Nachher brauchst du einfach nur noch die Implementation auszutauschen und eine Zeile in der Factory zu ändern und schon hast du die Komplette Persistenz-Schicht ausgetauscht.
Ich hoffe das ganze hilft dir erstmal.

MFG

zEriX


----------



## Thomas Darimont (20. August 2007)

Hallo,

für simple CRUD (Create, Read, Update, Delete) Operationen bietet es sich an ein generisches DAO zu erzeugen und das für diese einfachen Datenzugriffe immer wieder zu verwenden:

Siehe:
http://www.tutorials.de/forum/j2ee/283835-strukturierung-webanwendung.html

Nur für spezielle Anlege / Such / Filter Operation würde ich von diesem generischen DAO Ableiten und eine spezielle Implementierung definieren.

Weiterhin ist dieser gezeigte Factory Ansatz in seiner flexibilität doch beschränkt. Jedes mal wenn ich eine neue DAO Implementierung erzeugt habe muss ich auch die Factory anpassen. Besser wäre es hier eine flexible ObjectFactory zu haben die man extern Konfigurieren kann. Eine Möglichkeit wäre beispielsweise die Konfiguration der Services (das ausstatten der Services mit entsprechenden DAO's) über das Spring Framework / Guice oder einen sonstiges Dependency Injection  Framework durchzuführen. Damit spart man sich das lässtige schreiben eigener ObjectFactories...

Gruß Tom


----------



## zerix (20. August 2007)

@Tom

Bei meinem Beispiel kann man sicherlich noch einiges besser machen, es war halt nur ein Beispiel. 
Der generische Ansatz ist natürlich der wesentlich bessere.

MFG

zEriX


----------



## _Truck_ (21. August 2007)

Ok danke Euch beiden,
ich werde es bald mal ausprobieren, werde bei Problemen sicherlich auf diesen zurückgreifen !


Gruß Truck


----------



## _Truck_ (24. August 2007)

Kann in einem DAO auch einfach nur einen SAXBuilder stehen ?
Und was muss zwingend in ein DAO ?

Danke,

Gruß Truck


----------



## zerix (24. August 2007)

Was in der entgültigen Implementation des DAOs steht ist deine Sache. Du kannst das ganze auch nur in eine Textdatei abspeichern, wenn du das möchtest. 
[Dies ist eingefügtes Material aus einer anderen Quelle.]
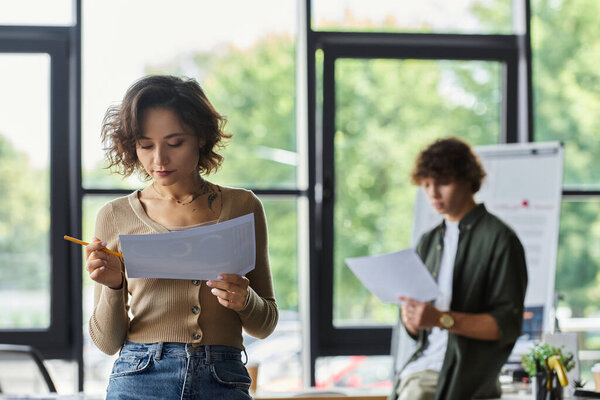 Двое коллег внимательно рассматривают документы, демонстрируют командную работу и преданность делу..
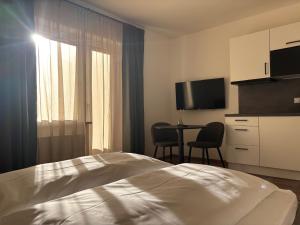 a hotel room with a bed and a table with chairs at Levio Homes Sunny Alpine Apartments with Balconies in Haus im Ennstal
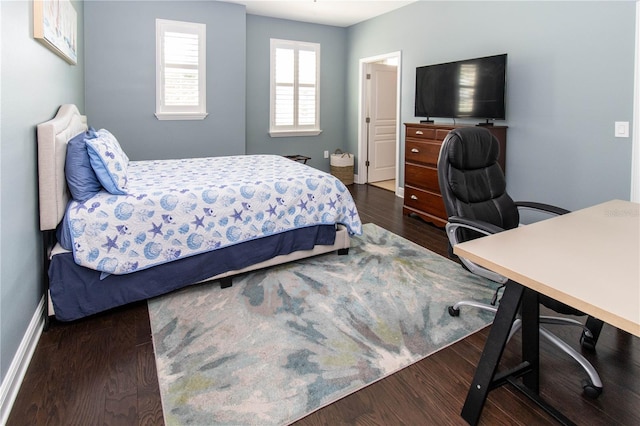 bedroom with dark hardwood / wood-style floors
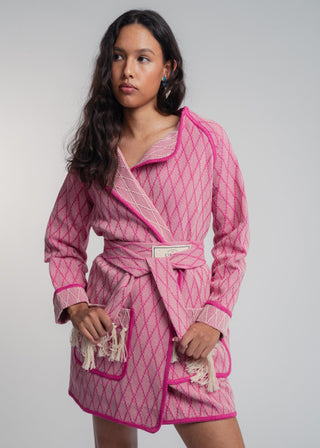 Unisex artist jacket in premium cotton with a bold fuchsia diamond design and pink finished edges.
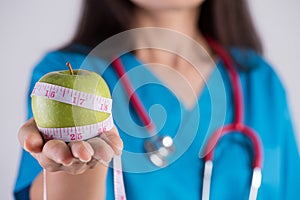 Healthy lifestyle, food and sport concept. Close up Smiling doctor woman hand holding measuring tape around fresh green apple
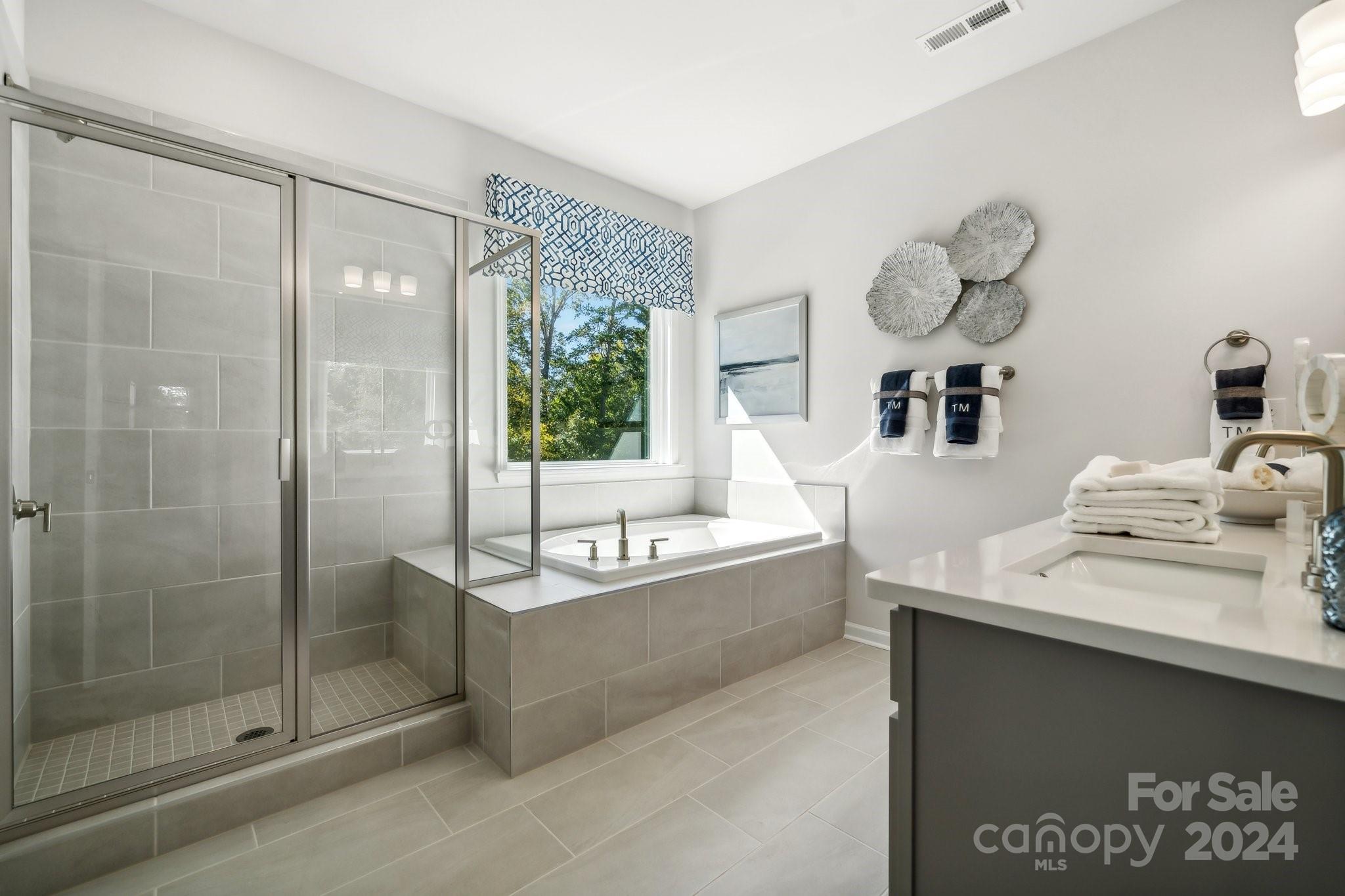 1406 Hubert Graham Way Tega Cay, SC 29708 - Photo 15 of 26 a bathroom with a tub sink and mirror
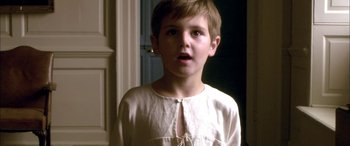 Movie still from “Tristram Shandy” (2005), directed by Michael Winterbottom – A young boy standing in front of a door; Close Up shot, High angle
> für simple CRUD (Create, Read, Update, Delete) Operationen bietet es sich an ein generisches DAO zu erzeugen und das für diese einfachen Datenzugriffe immer wieder zu verwenden:



Also ich würde sagen, dass sowas schon enthalten sein müsste. Wenn das alles drin ist, kannst du darauf aufbauen und eventuell alles noch spezialisieren.

MFG

zErix


----------